= How to complete this task =
Repeat the listing below verbatim, without its images.
Available data below:
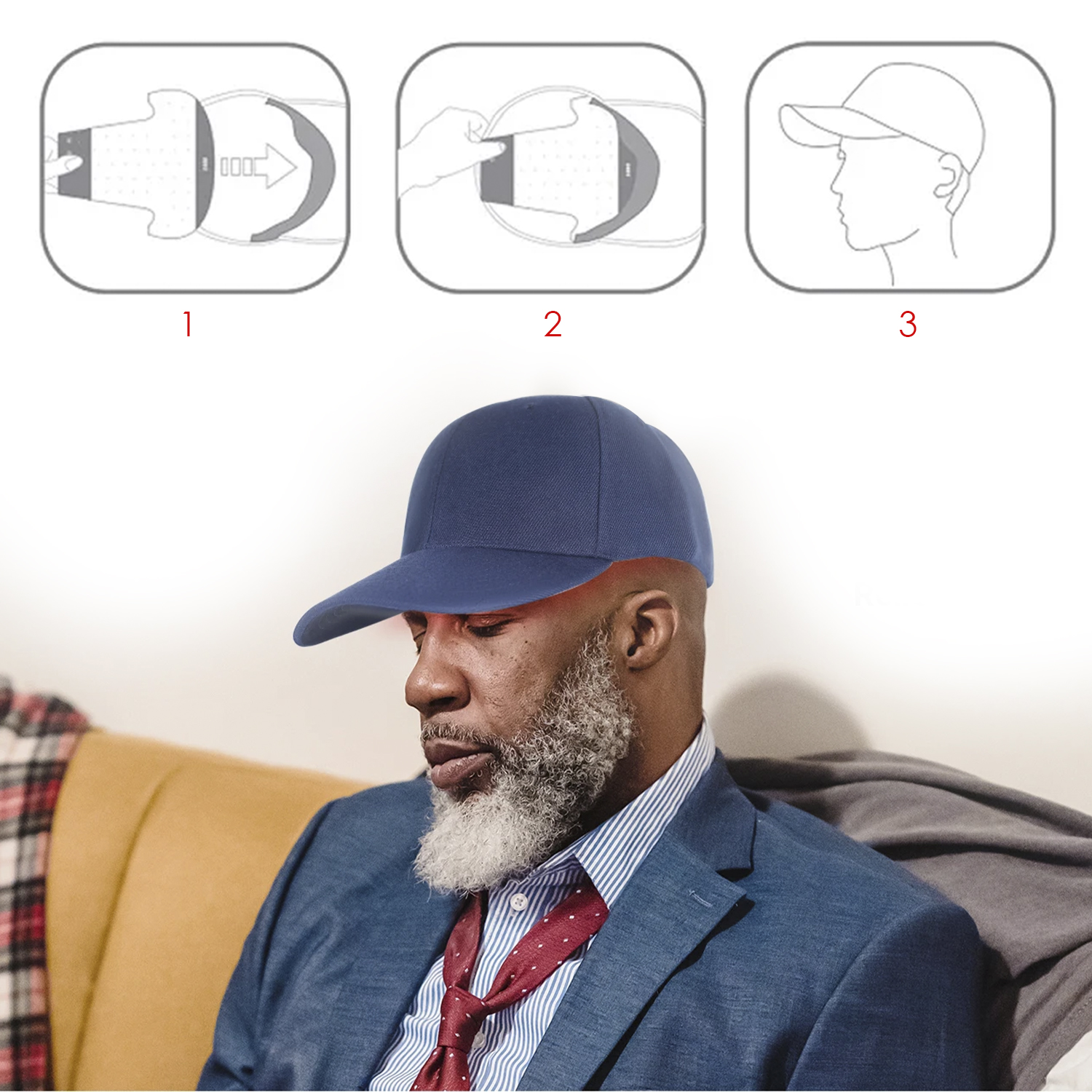 Un hombre con gorra y traje azul sentado. Arriba hay pasos para ajustar la gorra. Tiene barba blanca.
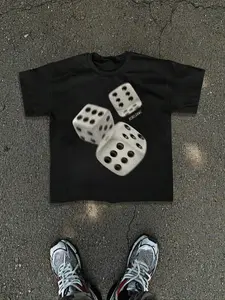 Men's Regular Fit Dice Print Round Neck Tee, Casual Short Sleeve T-shirt for Summer, Men's Top for Daily Wear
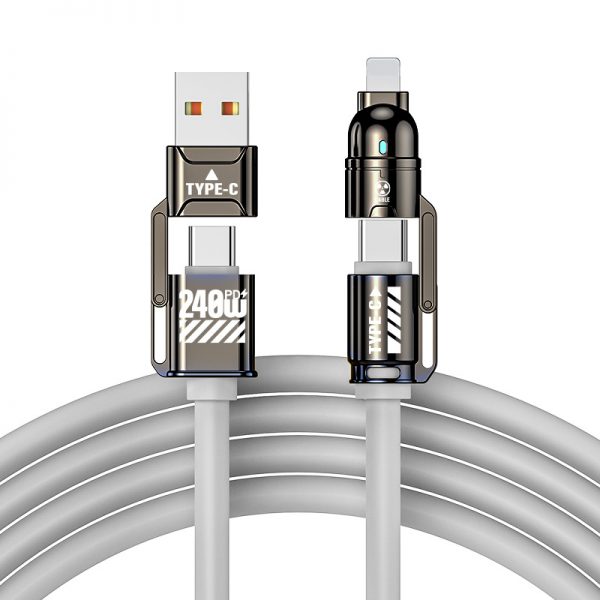 Silicone 4 in 1 Super Fast 240W Charging Cable USB Type-C to Type-C Lightning Data Cable for iPhone Huawei Xiaomi Samsung Macbook Laptops - Image 6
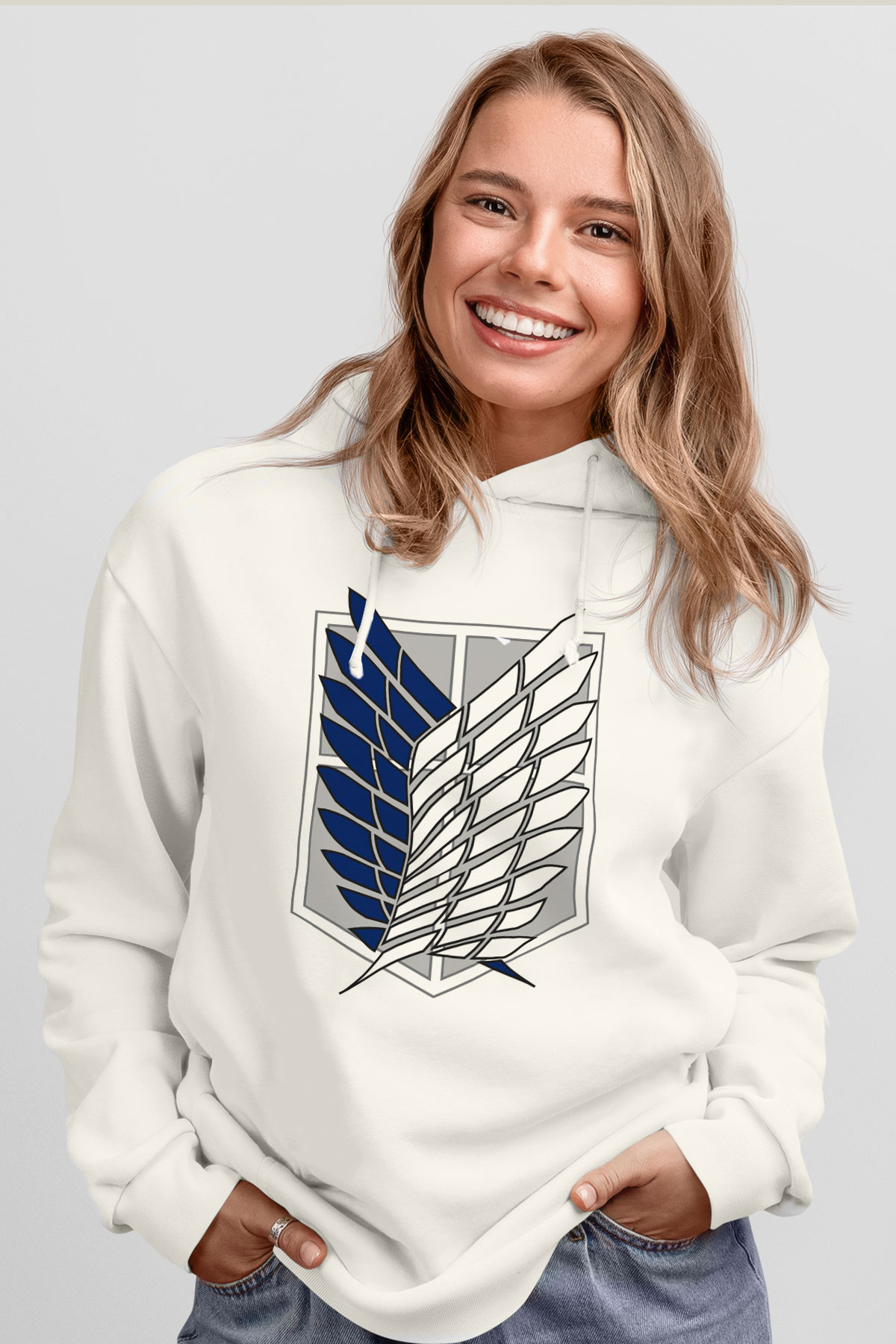 Attack on Titan Beyaz Unisex Kapşonlu Sweatshirt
End of Available data.
= Response below =
 Un hombre con gorra y traje azul sentado. Arriba hay pasos para ajustar la gorra. Tiene barba blanca.
 Men's Regular Fit Dice Print Round Neck Tee, Casual Short Sleeve T-shirt for Summer, Men's Top for Daily Wear
 Silicone 4 in 1 Super Fast 240W Charging Cable USB Type-C to Type-C Lightning Data Cable for iPhone Huawei Xiaomi Samsung Macbook Laptops - Image 6
 Attack on Titan Beyaz Unisex Kapşonlu Sweatshirt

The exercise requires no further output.